Exercise -
Exact transcription of the following records is needed, with every picture dropped.

Start of Provided records

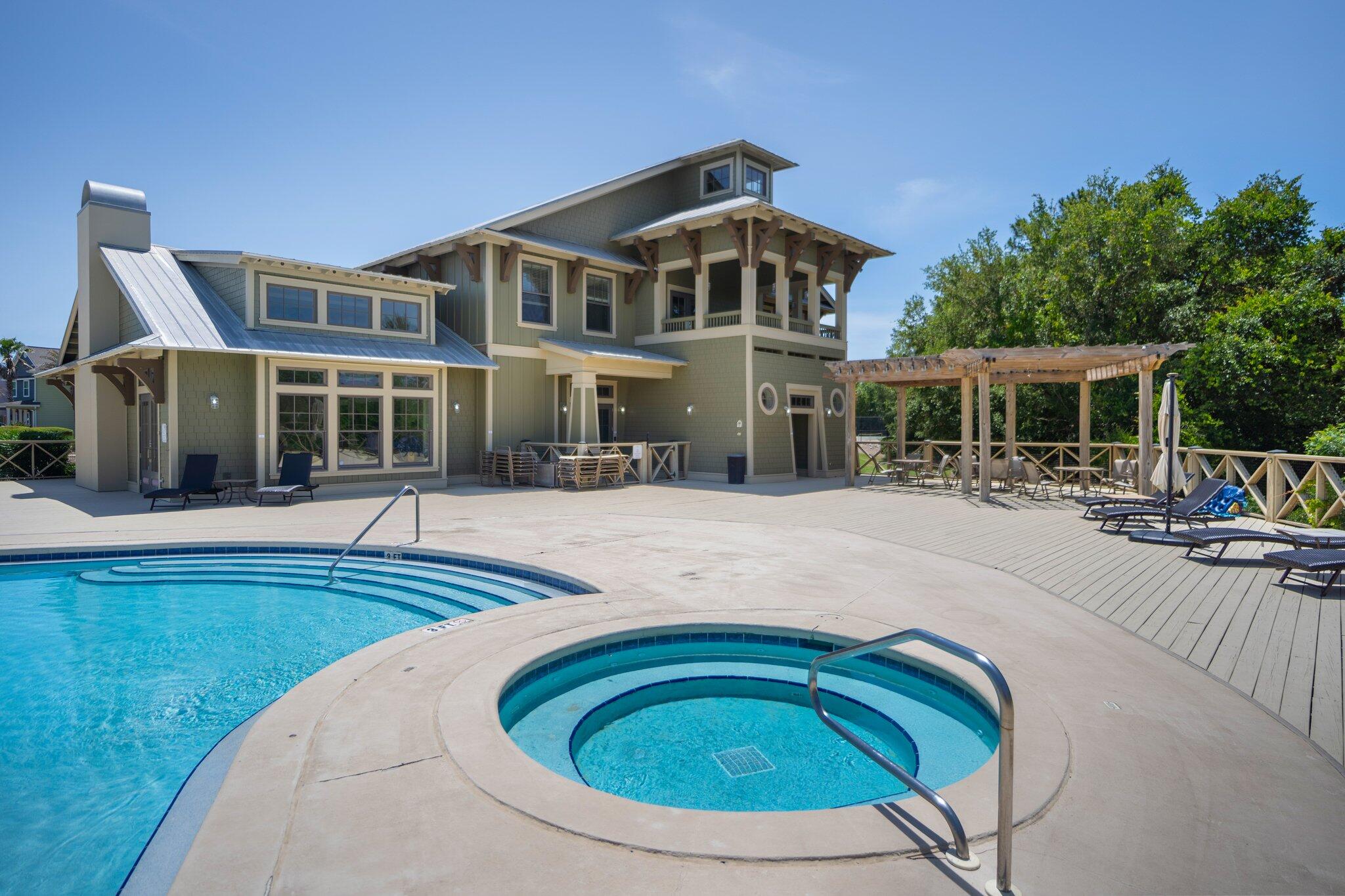 TURTLE COVE - Residential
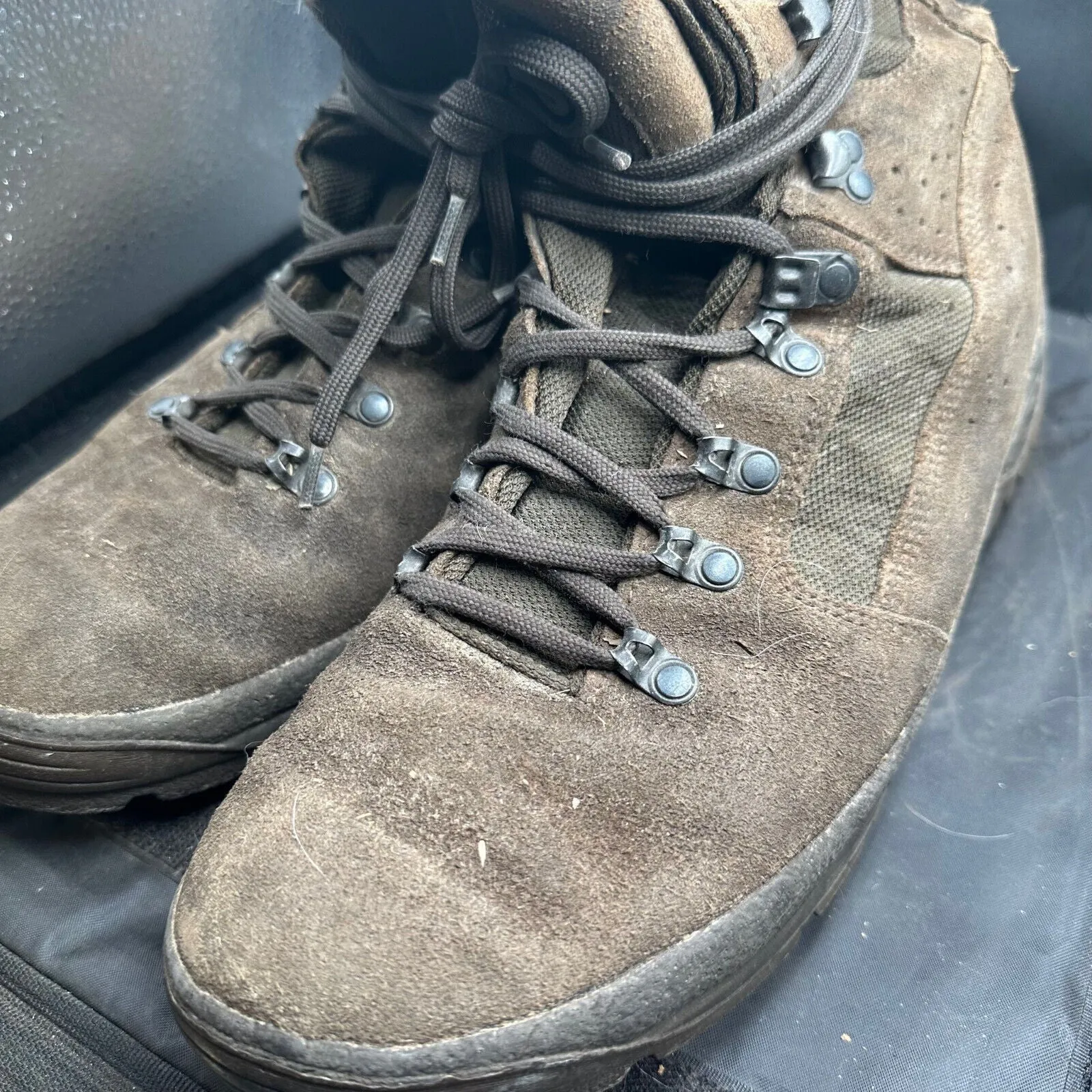 Army Brown Leather Meindl High Top Combat Patrol Boots- Size EU 47 - UK 12W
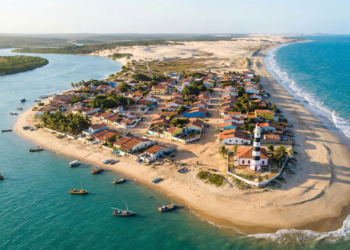 Destino no litoral do Nordeste encanta com acesso apenas por barco e praias preservadas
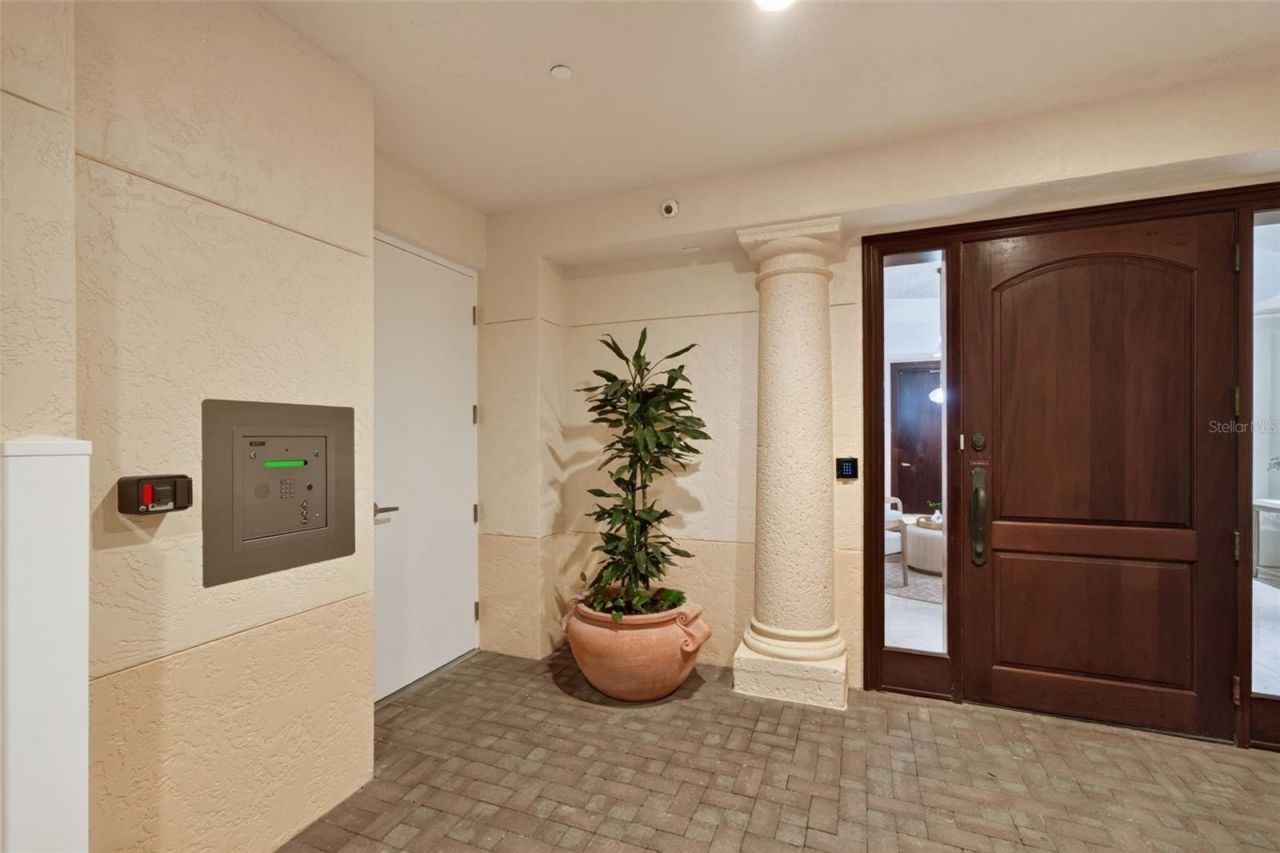 2151 Gulf Of Mexico Drive, Unit 4, Longboat Key, FL 34228 Photo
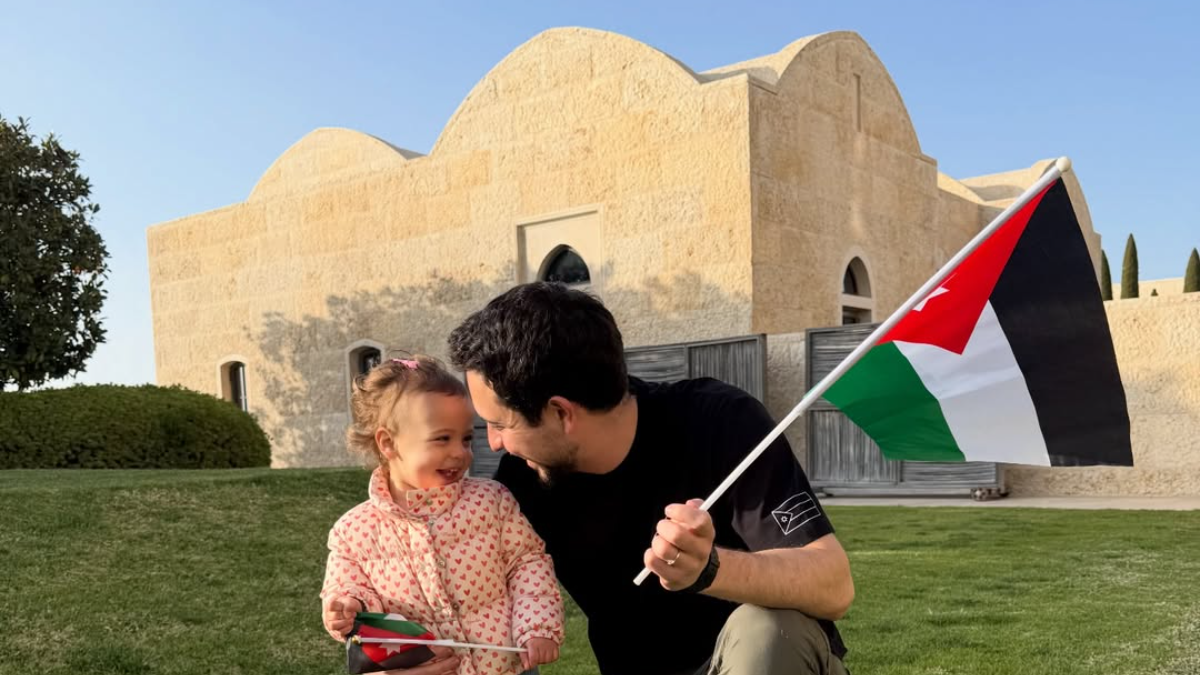 O πρίγκιπας Hussein γιόρτασε την εθνική εορτή της Ιορδανίας αγκαλιά με τη μοναχοκόρη του, Iman 1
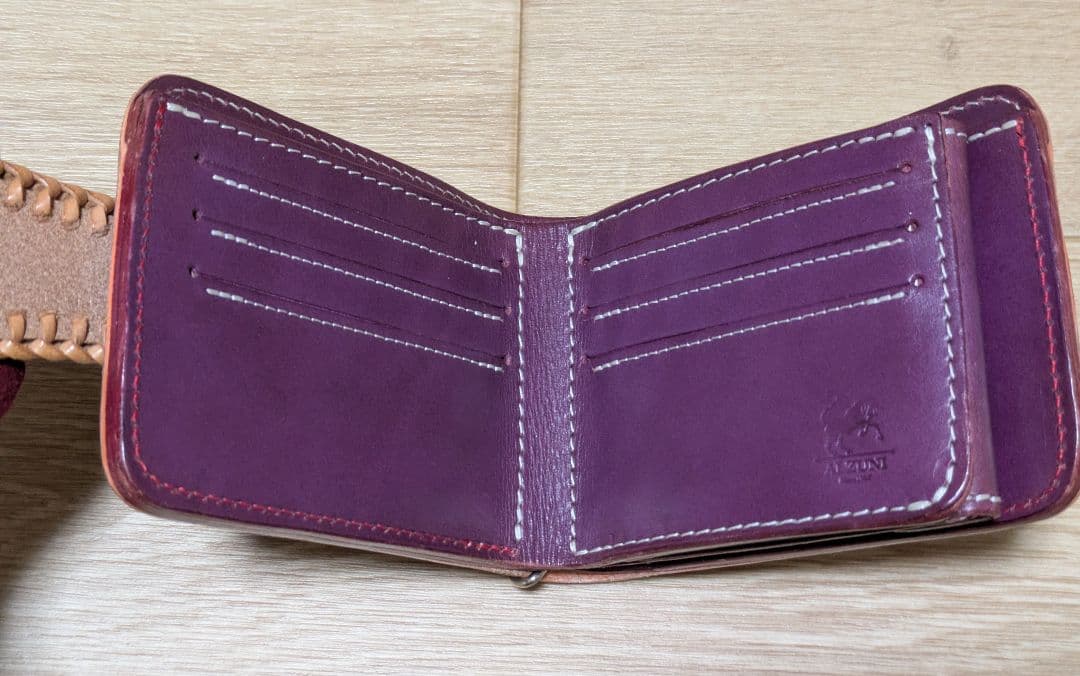 ALZUNI (アルズニ) 本革二つ折り財布 【桜 型抜き】コンチョ付き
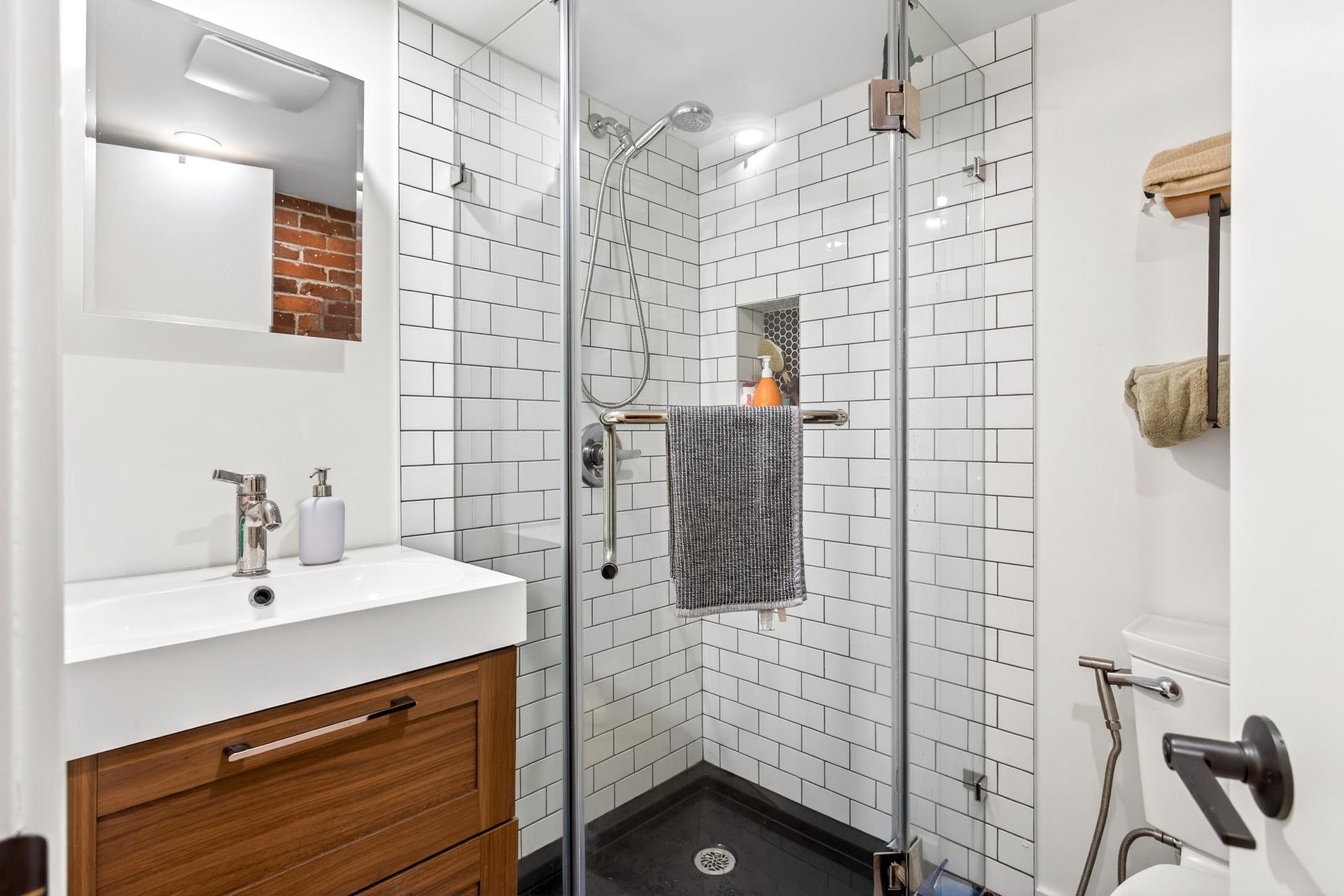 1515 EDINBURGH STREET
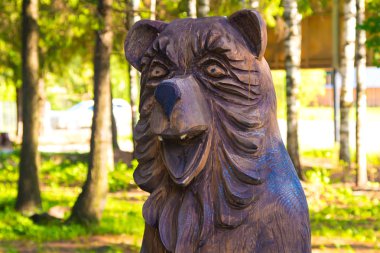 Ayının ahşap heykel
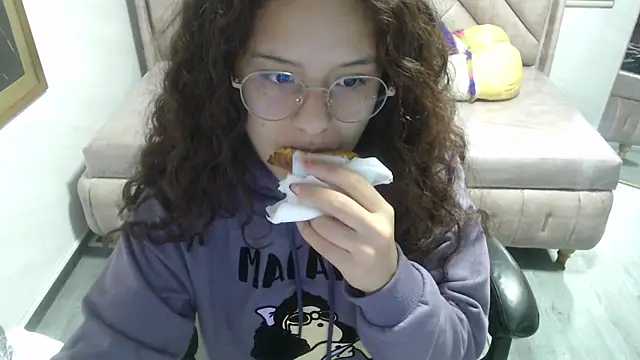 Velvet Moon V online show from January 7, 2026, 1:38 pm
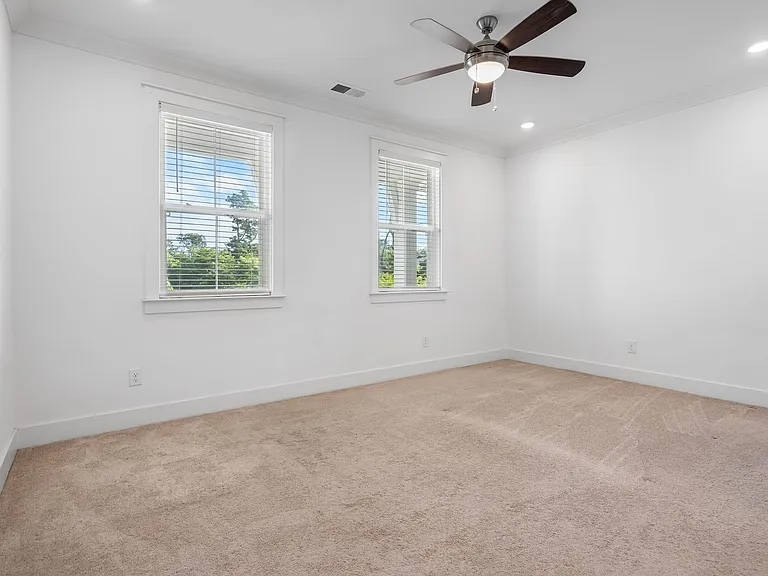 235 Southmen Ln — Photo 9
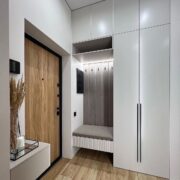 MODERN ENTRANCE STORAGE & SEATING UNIT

End of Provided records

Finished task -
 TURTLE COVE - Residential
 Army Brown Leather Meindl High Top Combat Patrol Boots- Size EU 47 - UK 12W
 Destino no litoral do Nordeste encanta com acesso apenas por barco e praias preservadas
 2151 Gulf Of Mexico Drive, Unit 4, Longboat Key, FL 34228 Photo
 O πρίγκιπας Hussein γιόρτασε την εθνική εορτή της Ιορδανίας αγκαλιά με τη μοναχοκόρη του, Iman 1
 ALZUNI (アルズニ) 本革二つ折り財布 【桜 型抜き】コンチョ付き
 1515 EDINBURGH STREET
 Ayının ahşap heykel
 Velvet Moon V online show from January 7, 2026, 1:38 pm
 235 Southmen Ln — Photo 9
 MODERN ENTRANCE STORAGE & SEATING UNIT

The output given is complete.